--- Listed records ---

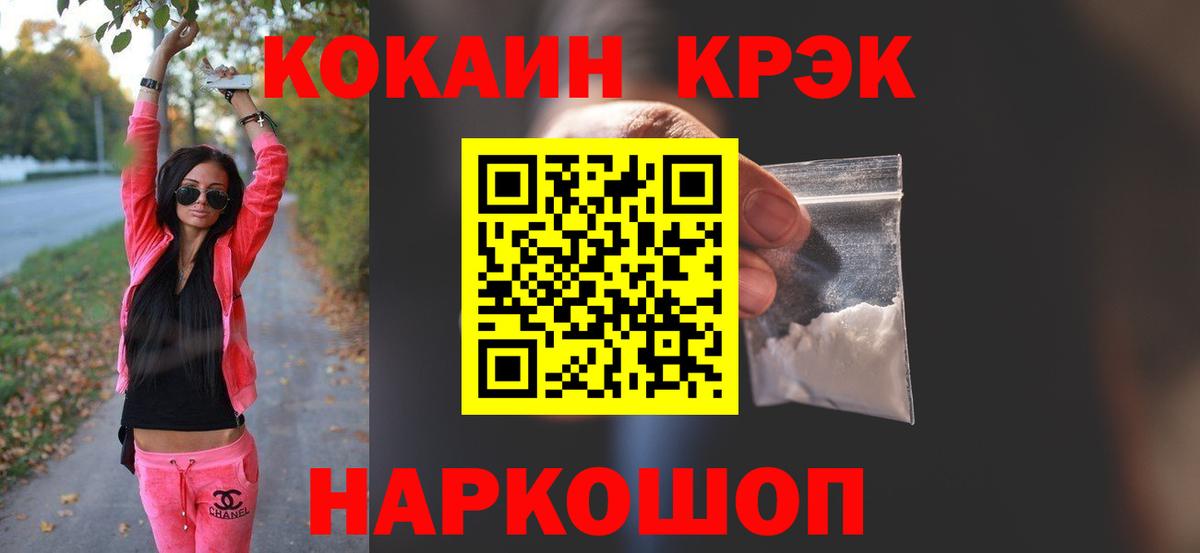 Кокаин 98%  КОКАИН Columbia  Вход с VPN  Абакан 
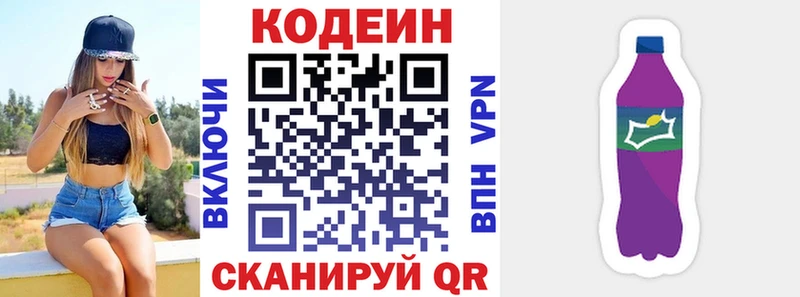 Кодеиновый сироп Lean напиток Lean (лин)  дарк нет какой сайт  Миасс  как найти  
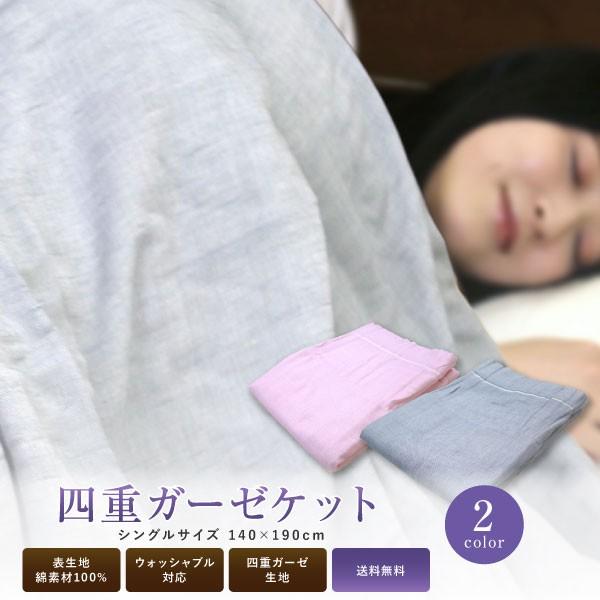 ガーゼケット 送料無料 四重ガーゼふんわりやわらかガーゼケット シングルサイズ 140×190cm（NJK7511）綿100% ピンク ブルー 春夏 | 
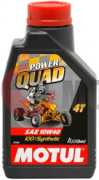 Моторное масло MOTUL Power Quad 4T 10W-40 синтетическое 1 л Моторное масло MOTUL Power Quad 4T 10W-40 синтетическое 1 л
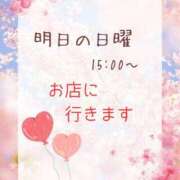 ヒメ日記 2025/05/31 10:26 投稿 やよい エディーズ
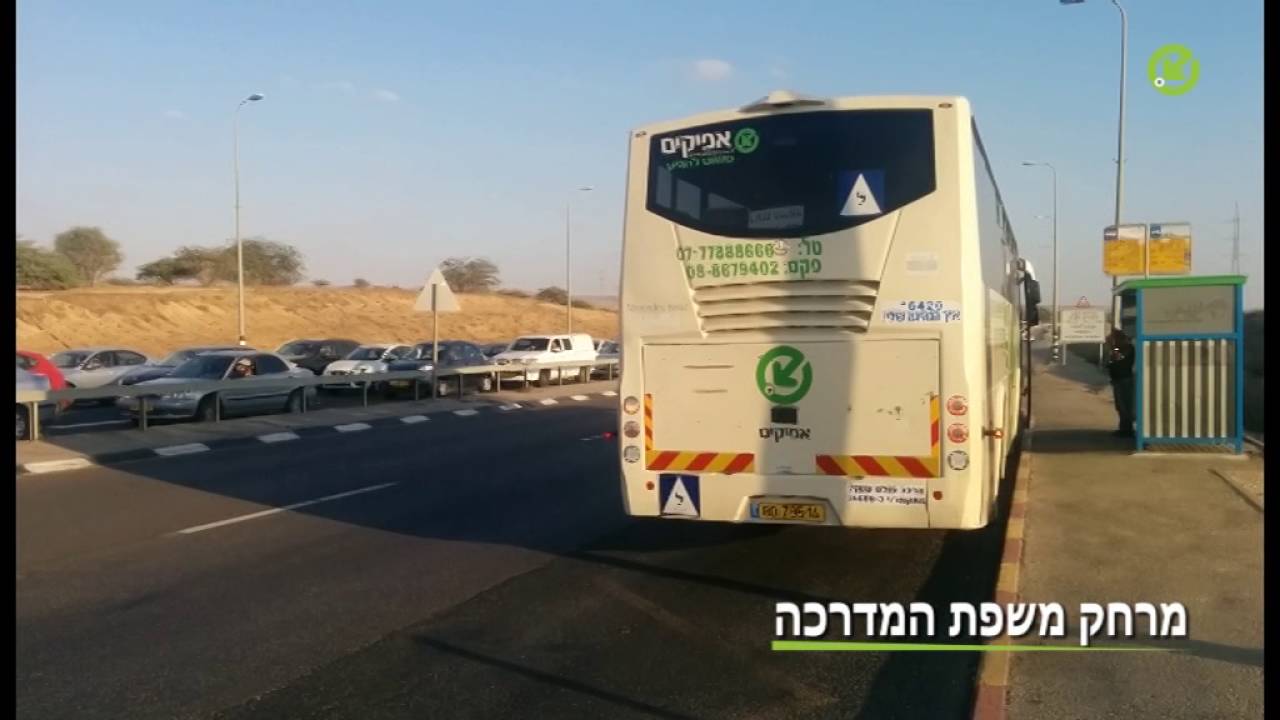 תלמידי אפיקים בנהיגה לילית הררית עם המורה מאיר בטאט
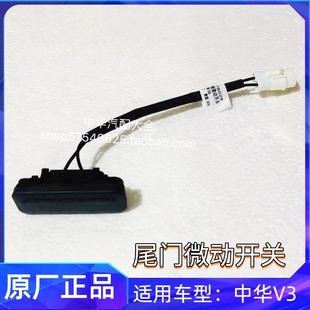 尾门把手 新店开业中华V3后备箱开关行李箱微动开关 原厂配件
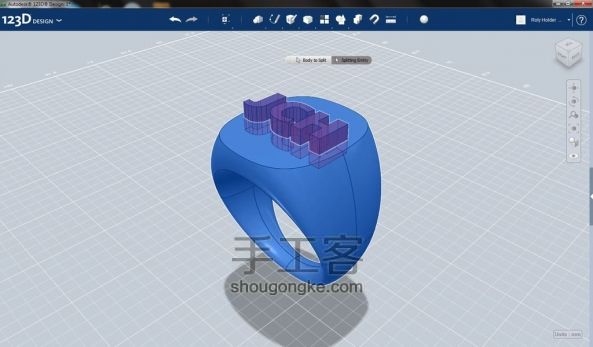 3D打印戒指设计教程 第13步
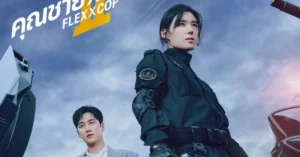 Ahn Bo Hyun Faces Bomb Crisis in ‘Flex X Cop 2’ Premiere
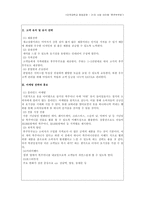 [사업계획서] 20대를 겨냥한 `후쿠부쿠로(호기심 상자)` 창업 아이템-14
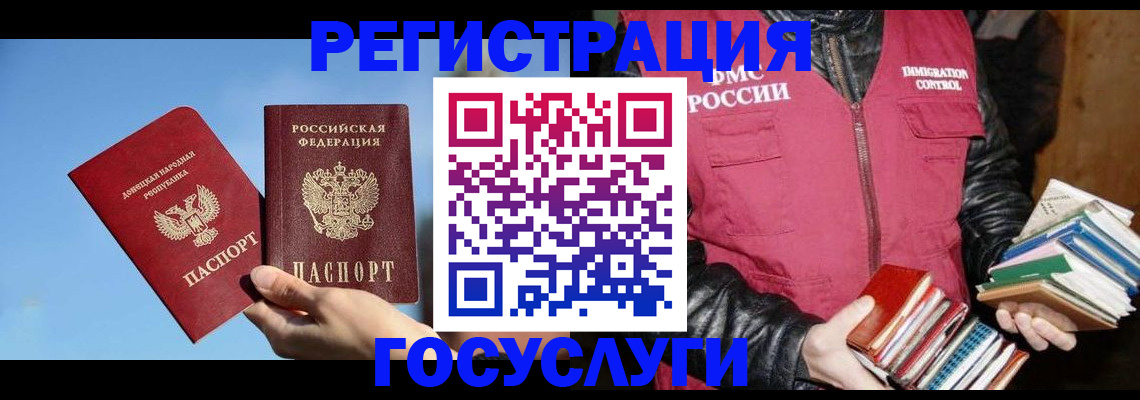 прописка для работы в Карачаевске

---

_What is being asked_
The whole listing is to be written out exactly; the pictures stay out of the copy.

_Result for this task_
 Кокаин 98%  КОКАИН Columbia  Вход с VPN  Абакан 
 Кодеиновый сироп Lean напиток Lean (лин)  дарк нет какой сайт  Миасс  как найти  
 ガーゼケット 送料無料 四重ガーゼふんわりやわらかガーゼケット シングルサイズ 140×190cm（NJK7511）綿100% ピンク ブルー 春夏 | 
 Моторное масло MOTUL Power Quad 4T 10W-40 синтетическое 1 л Моторное масло MOTUL Power Quad 4T 10W-40 синтетическое 1 л
 ヒメ日記 2025/05/31 10:26 投稿 やよい エディーズ
 תלמידי אפיקים בנהיגה לילית הררית עם המורה מאיר בטאט
 尾门把手 新店开业中华V3后备箱开关行李箱微动开关 原厂配件
 3D打印戒指设计教程 第13步
 Ahn Bo Hyun Faces Bomb Crisis in ‘Flex X Cop 2’ Premiere
 [사업계획서] 20대를 겨냥한 `후쿠부쿠로(호기심 상자)` 창업 아이템-14
 прописка для работы в Карачаевске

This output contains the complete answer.